(Source data)
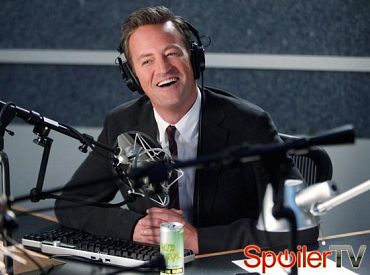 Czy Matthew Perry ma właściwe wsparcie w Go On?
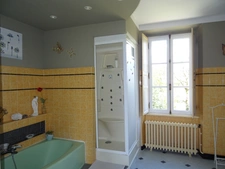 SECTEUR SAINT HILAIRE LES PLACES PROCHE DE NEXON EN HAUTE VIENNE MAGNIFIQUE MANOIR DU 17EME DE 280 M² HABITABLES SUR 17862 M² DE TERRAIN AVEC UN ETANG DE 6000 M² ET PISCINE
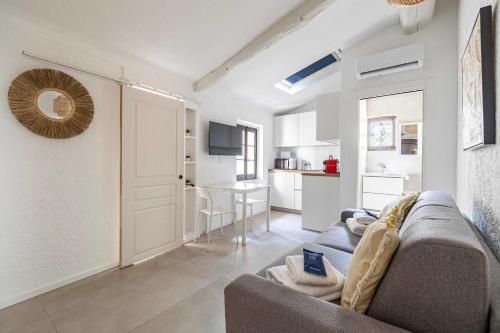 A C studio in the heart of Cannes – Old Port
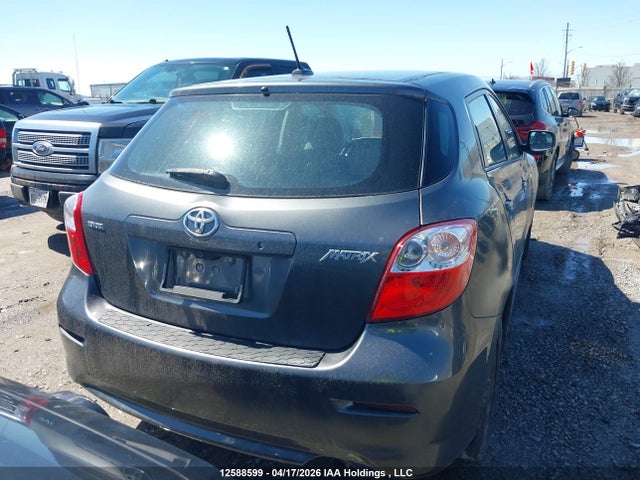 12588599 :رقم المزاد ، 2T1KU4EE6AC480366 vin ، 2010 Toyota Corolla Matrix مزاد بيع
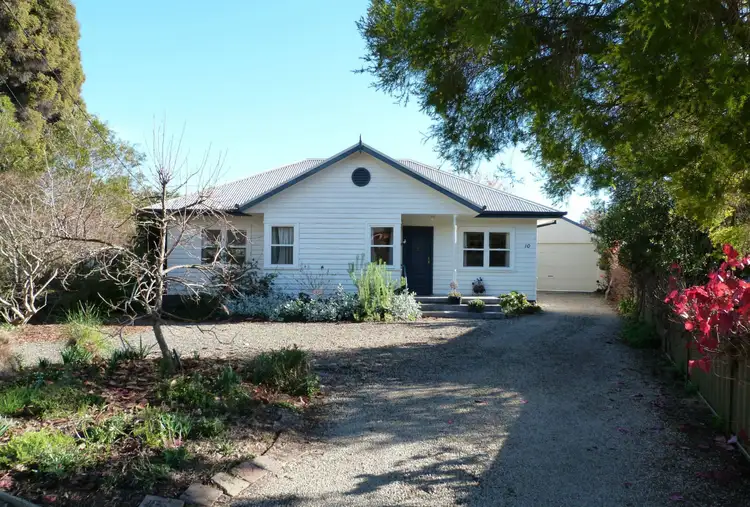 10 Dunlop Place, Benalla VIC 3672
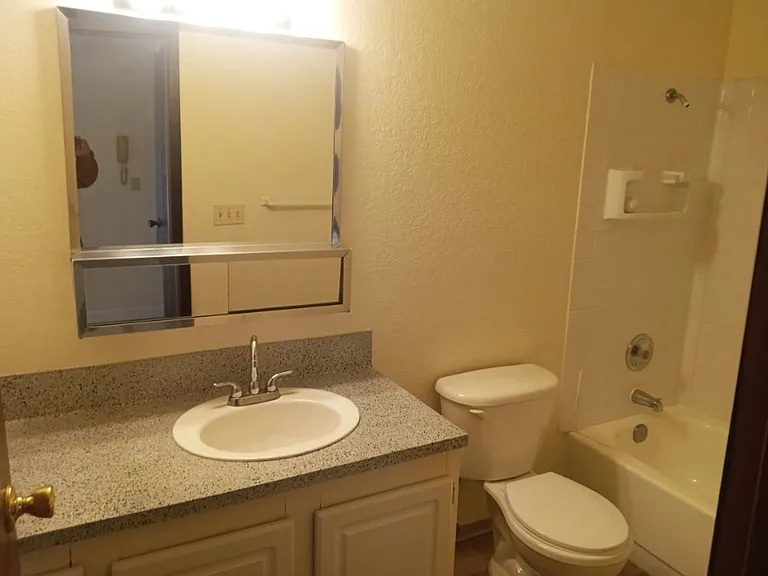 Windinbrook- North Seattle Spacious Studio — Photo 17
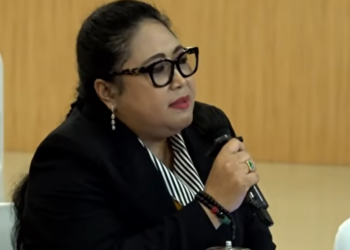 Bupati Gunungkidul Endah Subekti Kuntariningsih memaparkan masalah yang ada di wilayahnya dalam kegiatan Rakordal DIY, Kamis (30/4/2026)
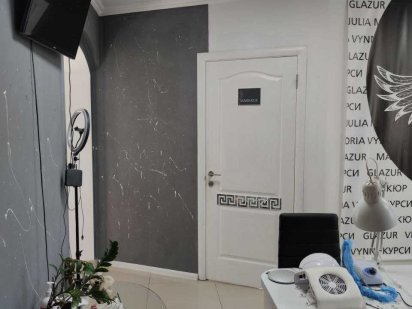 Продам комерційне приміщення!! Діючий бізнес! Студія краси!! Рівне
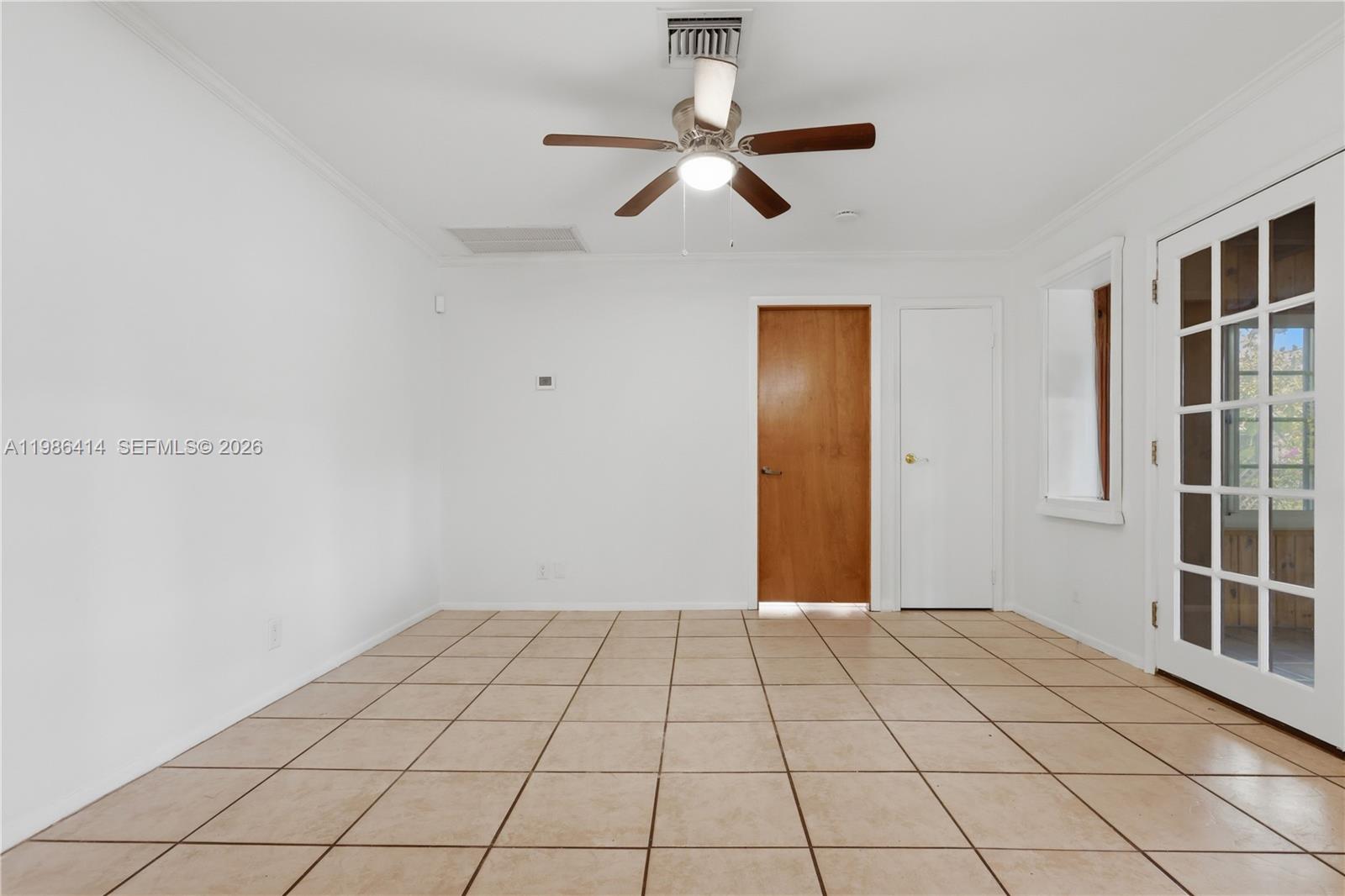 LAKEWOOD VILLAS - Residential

• **Exercise directions**
Write out each line of the data above exactly, starting at the top and finishing with the line containing "A C studio in the heart of Cannes – Old Port"; omit the pictures.

• **Finished task**
 Czy Matthew Perry ma właściwe wsparcie w Go On?
 SECTEUR SAINT HILAIRE LES PLACES PROCHE DE NEXON EN HAUTE VIENNE MAGNIFIQUE MANOIR DU 17EME DE 280 M² HABITABLES SUR 17862 M² DE TERRAIN AVEC UN ETANG DE 6000 M² ET PISCINE
 A C studio in the heart of Cannes – Old Port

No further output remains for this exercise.